The “less publicized” reason the Dutch are the happiest kids in the world.
Are there dangers in giving kids too much freedom?
It’s the bicycle. It’s the vehicle for freedom.
It sounds so simple (and it is), but the equivalent in the United States would be at age 16 when kids get a driver’s license. It’s a license for freedom–but they have to wait for 16 years.
In The Netherlands, the bike reigns king. The country is flat and crawling with bike paths. Not just a lane on the side of the road, but more often than not, dedicated paths separate from the roads. There are even yield triangles painted on the ground so they know when to yield to cars and when they have the right of way. There are even stop lights complete with green, yellow and red. It’s practically a Disney-esque existence of a miniature world that I only knew from my Tyco train set. It’s a dream.
I’m poking fun at fellow Driebergen resident Rina Mae Acosta and her bestselling book, “The Happiest Kids in the World,” which is rocking the charts and helping parents around the world learn the way of the happy Dutch.
So my 11-year old can pretty much go where he pleases after school on his bike. He might come home, he might go to a friend’s house. Or, even better, if he has a few coins, he might go with the friend and load up on as much junk food as financially possible.
He goes to the store, does a quick cost-benefit analysis of quantity of junk as related to cost, collaborates with accomplices and head to the checkout. Some more advanced specimens even have a Bonus Card where they can get deals and discounts thus increasing the junk-to-euro ratio.
As seen in the evidence (see Exhibit A, photo above), when left to their own devices, it’s not going to be carrots and fresh-squeezed orange juice. For one, that’s way too expensive. Nope, we’re talking the nacho cheesiest of chips and the sweetest of drinks.
At least they abide by the “No Soda” rule of the household, although some of those sugary ice tea drinks have as much sugar as the soda.

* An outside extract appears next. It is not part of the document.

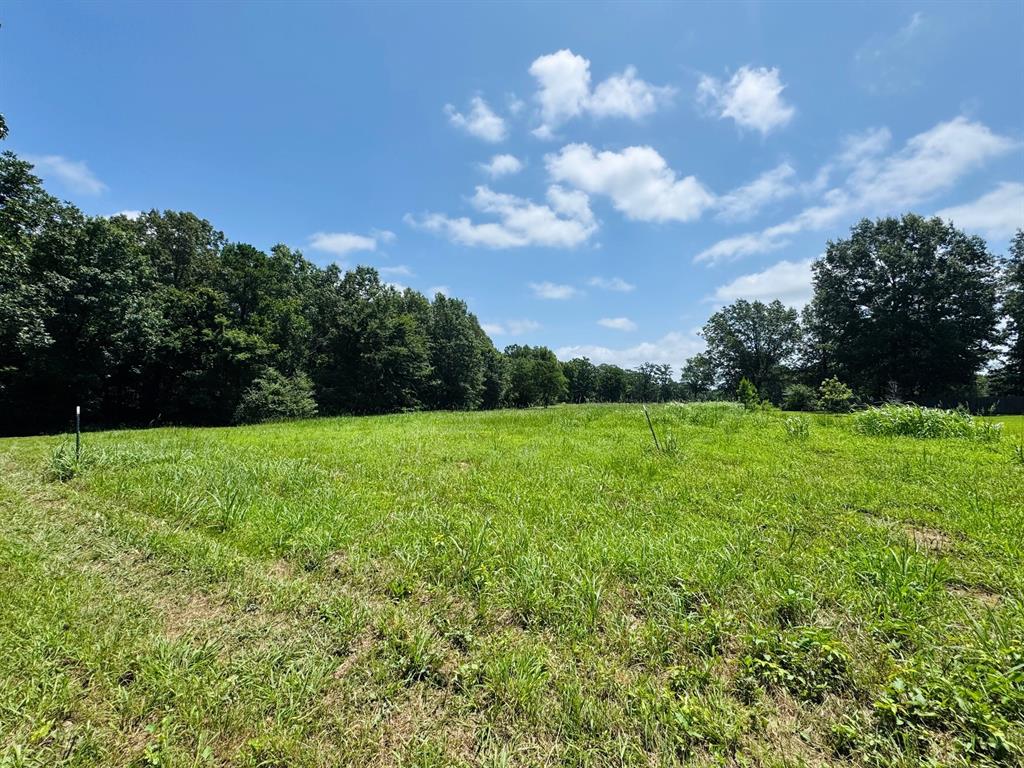 1.42 Acres County Road 2910 Property Photo 2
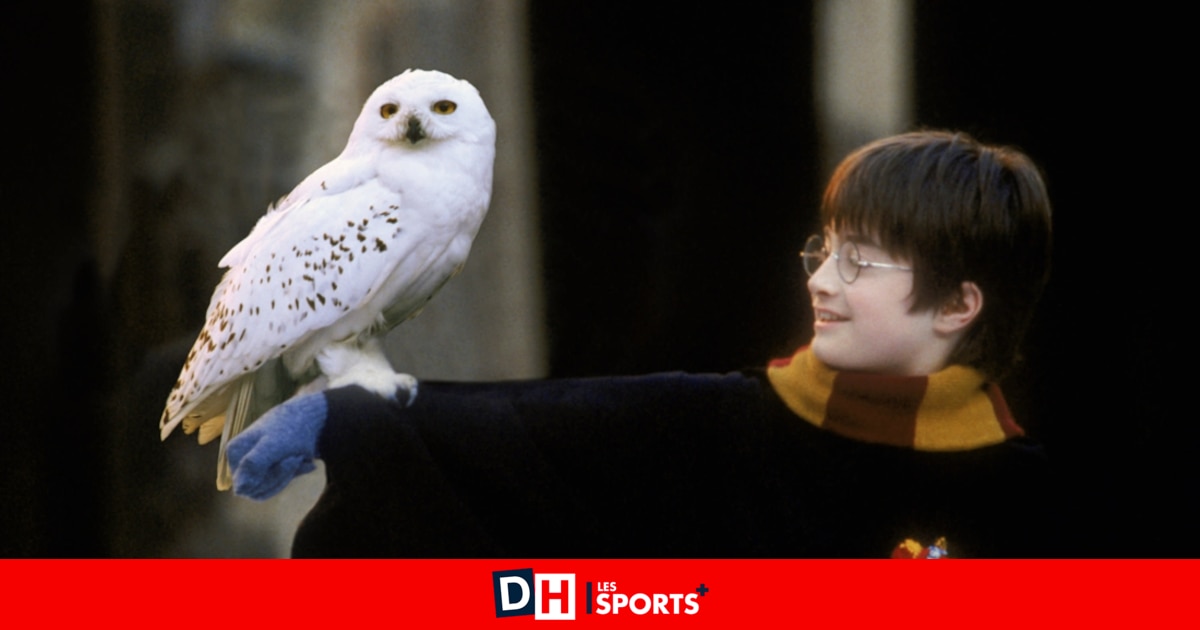 Une actrice de la saga Harry Potter annonce une triste nouvelle : "Je n'ai plus que cinq ou six ans à vivre"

Rina talks about the freedom of the children in Holland and how they mature through experience and the lack of helicopter parenting. I wholeheartedly agree. But if you ask my kids why they’re happy, it’s going to come down to chips and green iced tea. What they’re really saying is that they have independence, freedom, and choice. But they can’t say all of that because their mouths are full of joy.